* **GIVEN MATERIAL**

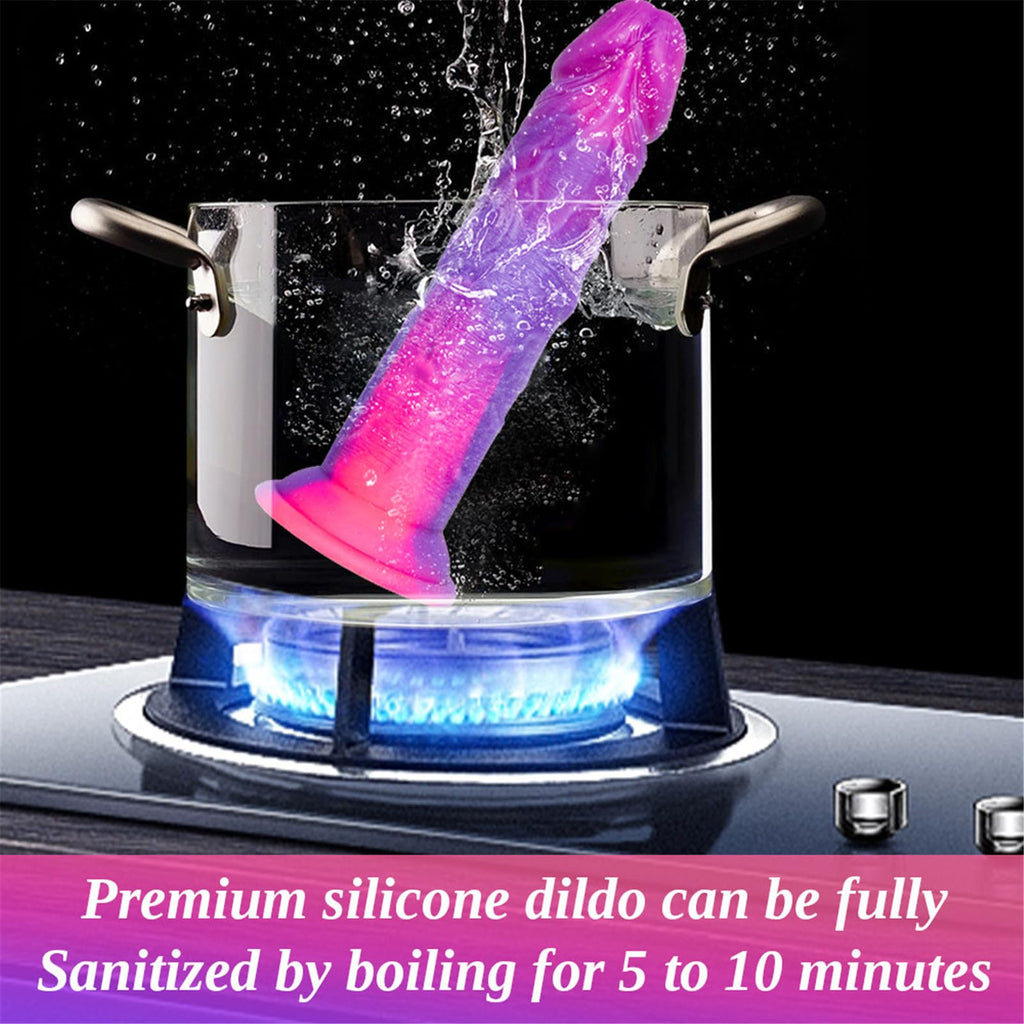 4-Piece Realistic Silicone Colorful Funny Dildo Set (7 '' 8 '' 9 '' 10 ''), Fantasy Pink Purple Dildo Anal Plug Trainer Set for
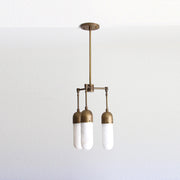 Three-Light Brass Chandelier with Alabaster Capsule Shades
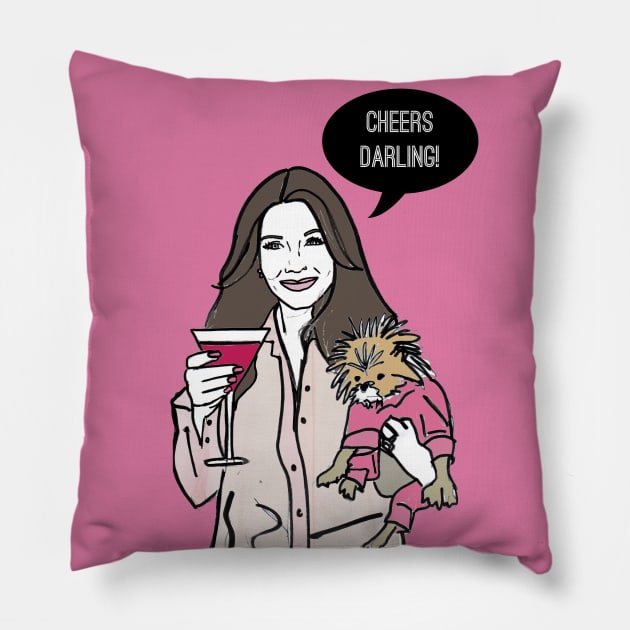 Cheers Darling Pillow by Katsillustration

* **PROMPT**
Please transcribe the listing exactly as it stands, but omit its pictures.

* **OUTPUT FOR THIS EXERCISE**
 4-Piece Realistic Silicone Colorful Funny Dildo Set (7 '' 8 '' 9 '' 10 ''), Fantasy Pink Purple Dildo Anal Plug Trainer Set for
 Three-Light Brass Chandelier with Alabaster Capsule Shades
 Cheers Darling Pillow by Katsillustration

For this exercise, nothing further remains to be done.